Oftentimes, the ads in question were actually paid for in rubles, the Russian currency. Sen. Al Franken, D-Minn., focused on this in tough questioning to Facebook General Counsel Colin Stretch.
"People are buying ads on your platform with rubles," Franken said. "They’re political ads. You put billions of data points together all the time — that’s what I hear that these platforms do."
In his response, Stretch said that the currency transactions were "a signal we should have been alert to," but would not commit Facebook to prohibiting the purchase of political advertising in foreign currencies.
“I can tell you that we’re not going to permit political advertising by foreign actors," Stretch said. "The reason I’m hesitating on foreign currency is that it’s relatively easy for bad actors to switch currency. It’s a signal, but it’s not enough — we have to sweep more broadly."
Sen. Richard Burr, R-N.C., the chairman of the Senate committee, noted one particularly striking contrast where Russian-linked Facebook accounts sought to organize dueling rallies in Texas. One of the pages, called Heart of Texas, purchased an ad to protest "the Islamization of Texas" by directing people to assemble outside the Islamic Center of Houston. Another Russian-controlled page, called United Muslims of America, put together another event in the same location.

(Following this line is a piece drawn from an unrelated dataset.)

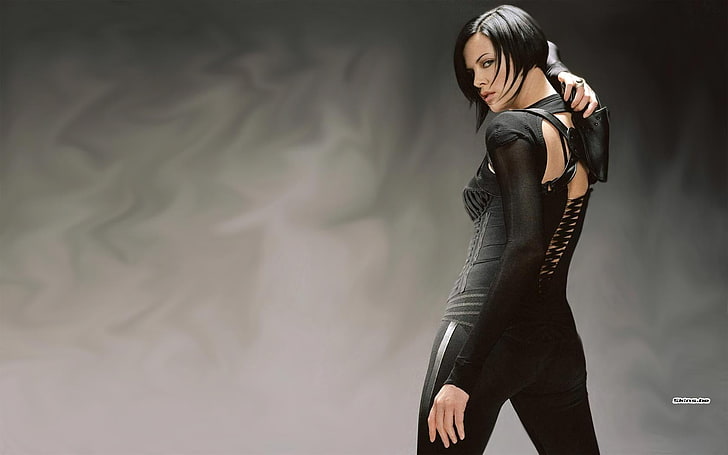 women's black long-sleeved shirt, movies, Charlize Theron, Aeon Flux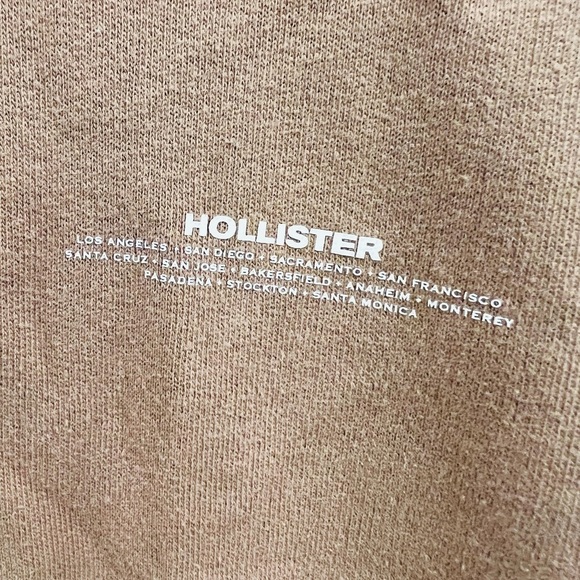 🔥Hollister Crop sweatshirt 🔥 - Picture 3 of 8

In his questioning of the witnesses, Sen. Marco Rubio, R-Fla., noted that the three companies only seemed to be banning accounts that misrepresented their owners' identities, meaning that open attempts on the part of Russia or any other country to spread propaganda to Americans would likely be permissible on most social media services.
"We don't have state-sponsored manipulation of elections as one of our rules," Twitter's Chief Attorney Sean Edgett, said. "The other rules, like [a ban on] inflammatory ad content, would take down most of these posts, but we don't outright ban it."

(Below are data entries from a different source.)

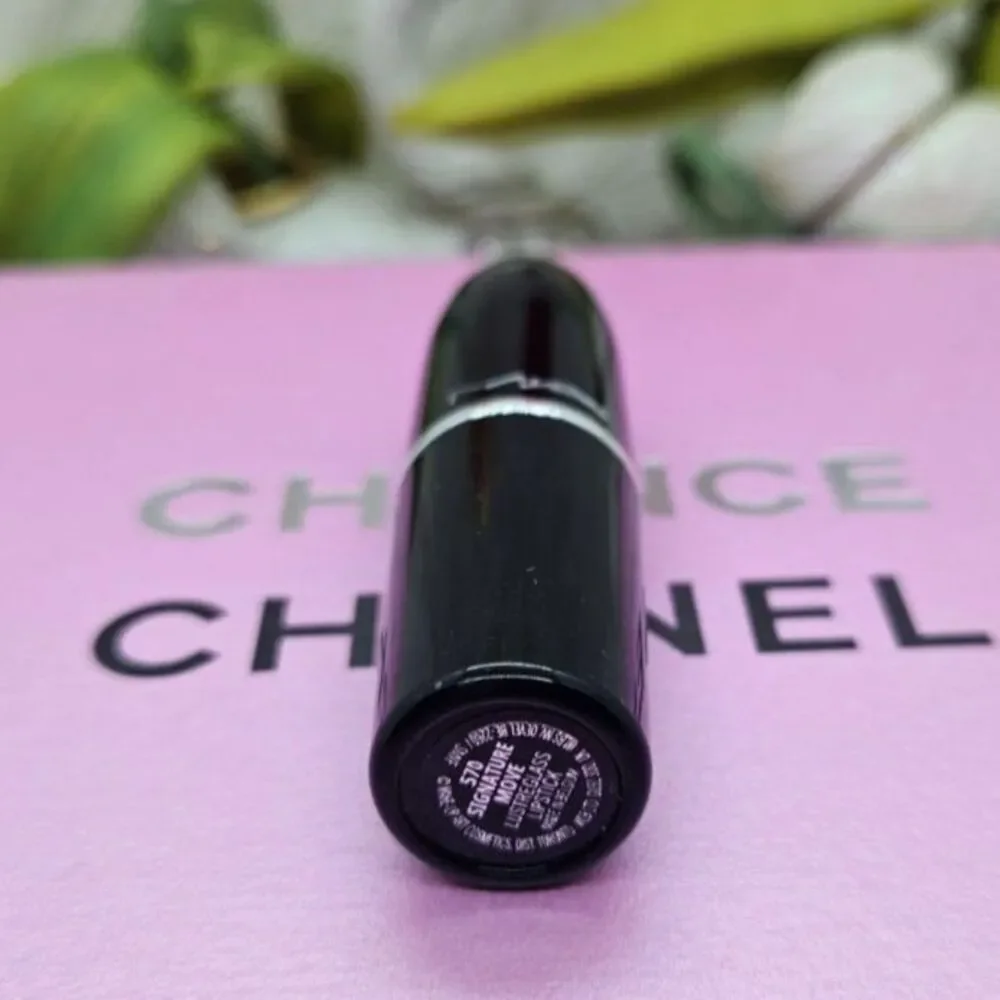 M·A·C Lustreglass Sheer Shine Lipstick 570 Signature Move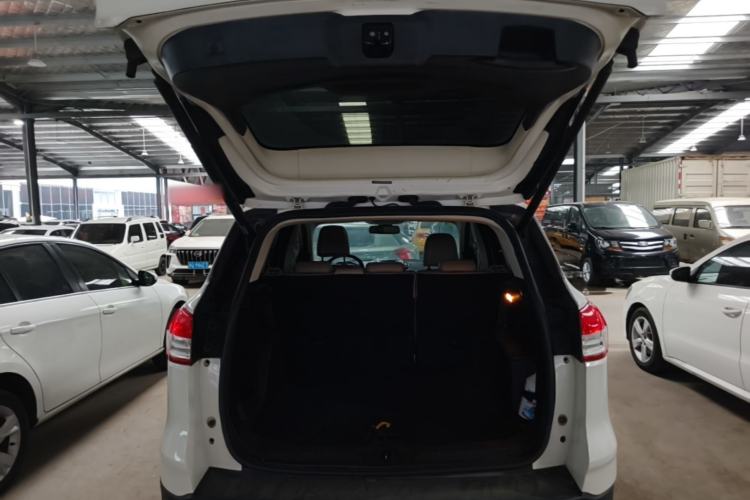 Used Ford Kuga 2013 2.0L GTDi Four-Wheel-Drive Elite Model Trunk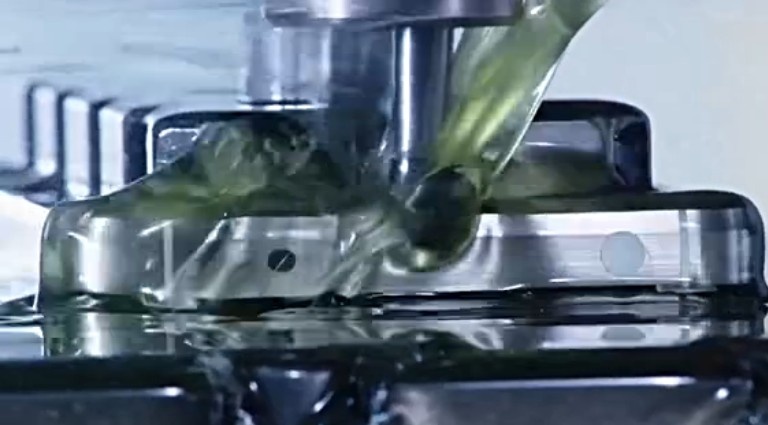 小米4、魅族MX4手機(jī)外殼加工用的是什么切削液？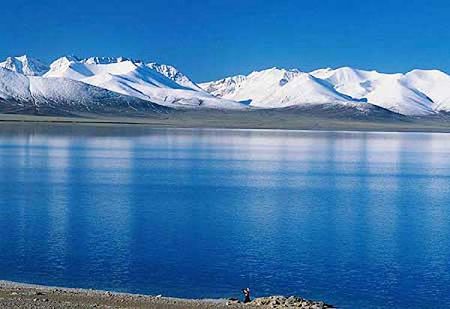 Qinghai Lake is China's largest inland lake and its largest salt-water lake. It is one of the top five most beautiful lakes in China ranked by China National Geographic magazine. (Photo: Global Times)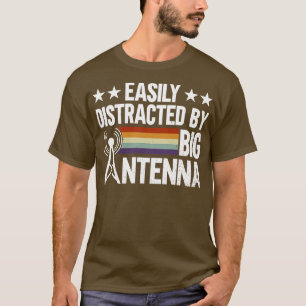 Leicht abgelenkt durch große Antenne Ham Radio O T-Shirt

Twitter has been more aggressive than Facebook and Google in that it has now banned Sputnik News and RT, websites that are openly owned by the Russian government, from purchasing advertising on its platform. Twitter's reaction may have been an attempt to get ahead of disclosures that it offered RT the chance to purchase 15 percent of the advertisements the microblogging service was planning to sell in the general election.
All three corporate attorneys said their employers were trying to figure out how to stop foreign interference in the election, but it became clear from their testimony that none of the tech giants is aware of the extent to which their platforms are used for such purposes. Under questioning from Rubio, none of the three could say whether countries beyond Russia had attempted to infiltrate American politics.
None of the senators of either party seemed satisfied with what they were hearing. Feinstein likely spoke for the room when she cautioned the tech companies: "You’ve created these platforms and now they’re being misused, and you have to be the ones to do something about it. Or we will."